In between bouts of ill health, between January and March 1817, Jane Austen wrote twelve chapters of a most surprising book entitled, 'Sandition' that Cassandra knew by the name 'The Brothers' while the rest of the family called it 'The Last Work'. On 18 March she abandoned the manuscript attacked by a fever and bilious attack that made her too unwell to write anything that was not strictly necessary. In mid April she took to her bed, too weak to struggle on with night fevers and an unspecified discharge alarming enough for her to visit a surgeon. She wrote her will unwitnessed, on 27 April 1817 addressed to "Miss Austen". She wrote out an account of the profits of her novels equaling 84 British Pounds.
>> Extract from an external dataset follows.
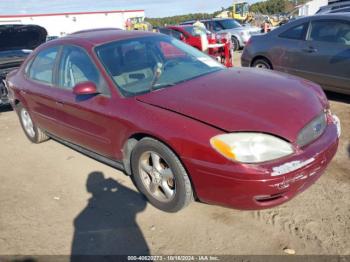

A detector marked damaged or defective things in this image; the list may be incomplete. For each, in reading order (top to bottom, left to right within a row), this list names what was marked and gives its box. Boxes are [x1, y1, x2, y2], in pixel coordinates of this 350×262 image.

dented hood [136, 67, 326, 141] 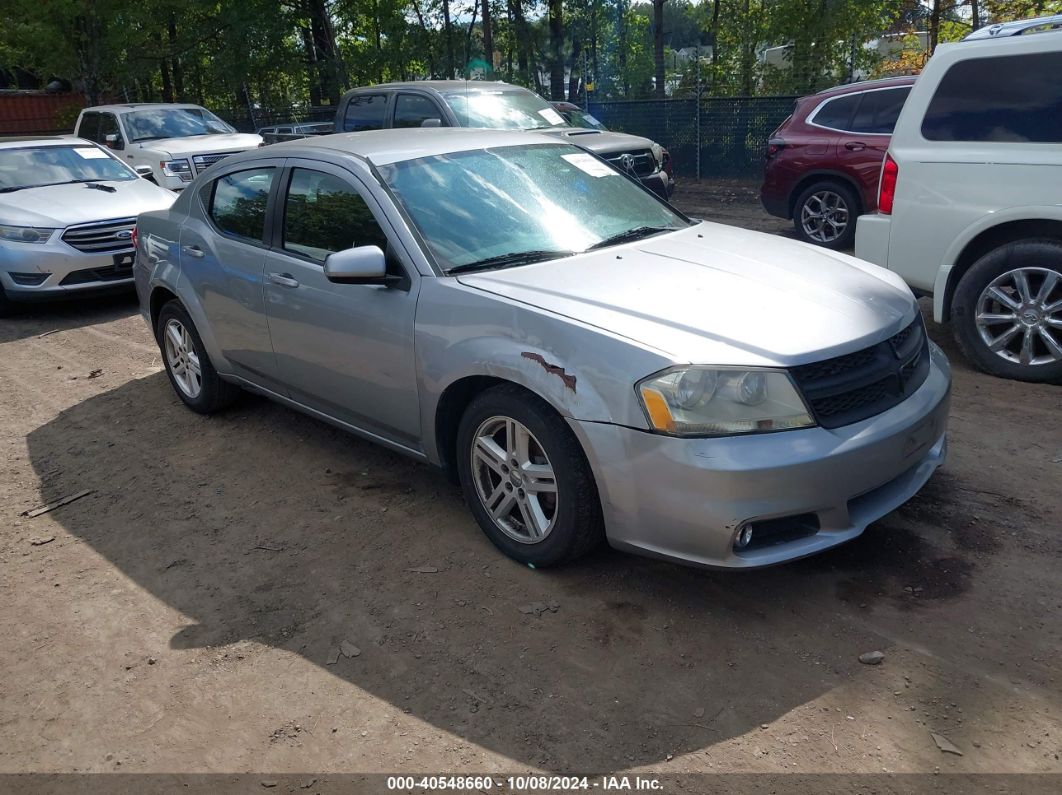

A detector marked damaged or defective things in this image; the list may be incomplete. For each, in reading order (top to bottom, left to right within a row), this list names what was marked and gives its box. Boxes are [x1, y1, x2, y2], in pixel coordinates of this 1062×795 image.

At Chawton with Cassandra and Mary, Jane dictated twenty-four lines of comic verse to Cassandra. She wrote "gone" at the end of the second line, where the rhyme clearly calls for "dead", but either Jane couldn't say the word or her sister couldn't bring herself to write it down. Jane was in and out of sleep most of the evening into the early morning of 17 July 1817 with Cassandra at her bedside. Cassandra settled herself with a pillow on her lap supporting Jane's head, the last half of her body off the bed. Cassandra was unwilling to move her at all sitting with her like this for six hours. At 4 a.m. on 18 July 1817 Jane Austen was dead.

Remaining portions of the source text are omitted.